Semiconductor Package

This application is a Continuation of U.S. patent application Ser. No. 17/732,709, filed on Apr. 29, 2022, which claims priority under 35 U.S.C. § 119 to Korean Patent Application No. 10-2021-0064222, filed on May 18, 2021 in the Korean Intellectual Property Office, the disclosure of which is incorporated by reference in its entirety herein.

The present inventive concept relates to a semiconductor package, and more particularly, to a semiconductor package including an antenna module.

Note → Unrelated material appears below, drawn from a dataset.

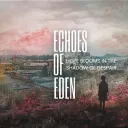Echoes Of Eden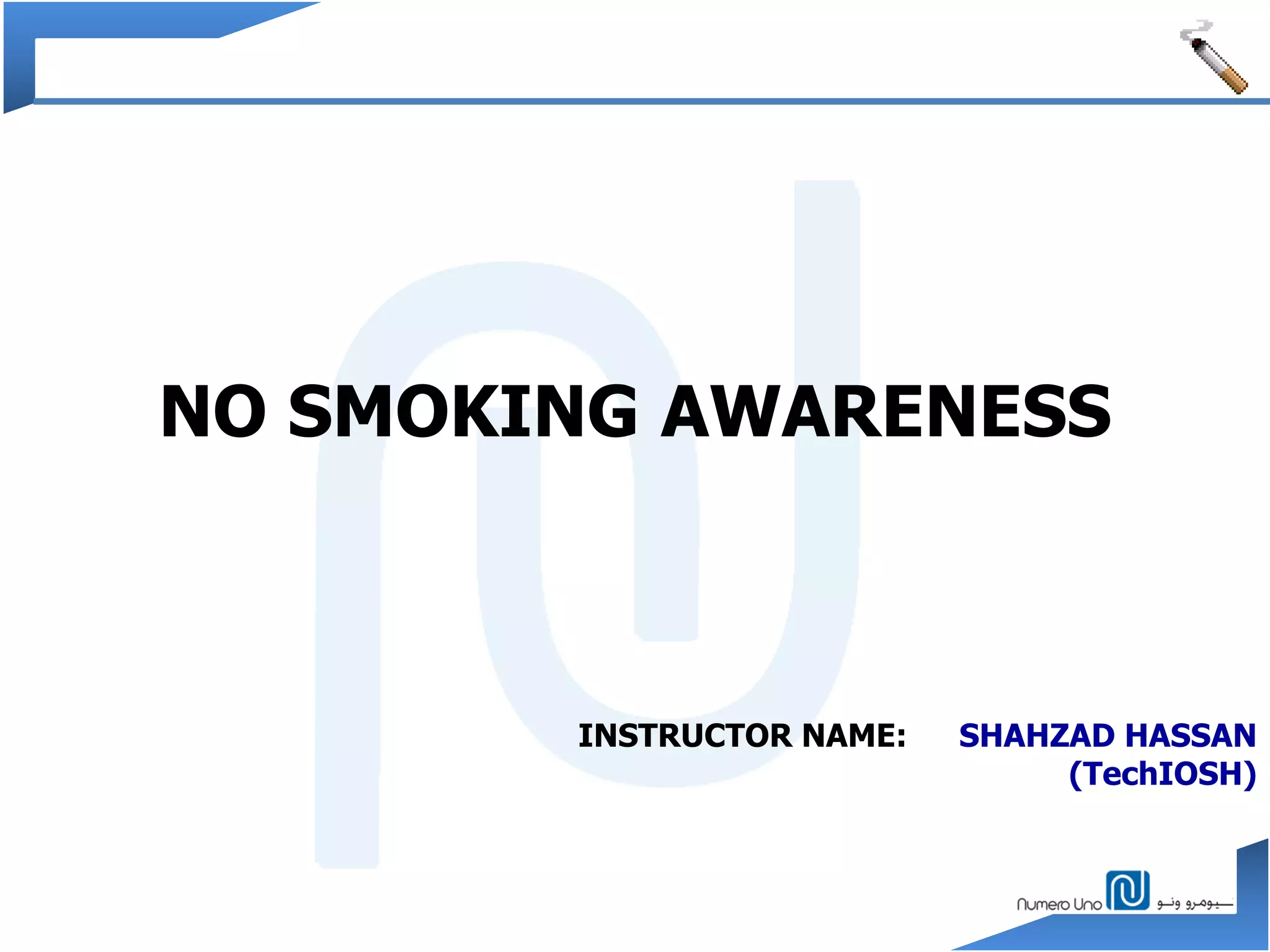 NO SMOKING AWARENESS
INSTRUCTOR NAME: SHAHZAD HASSAN
(TechIOSH)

As the manufacturing technology and wireless communication technology of a semiconductor package has increased, a semiconductor package having an integrated antenna has been developed. For example, a method of forming an antenna pattern in a redistribution layer of a semiconductor package has been developed. However, providing a sufficient radiation performance of the antenna may result in a constraint in design of the semiconductor package or the occurrence of performance errors. Accordingly, a semiconductor chip is desired in which a semiconductor chip and the antenna module are stably integrated so that a degree of freedom of design is increased and the occurrence of performance error is reduced or prevented.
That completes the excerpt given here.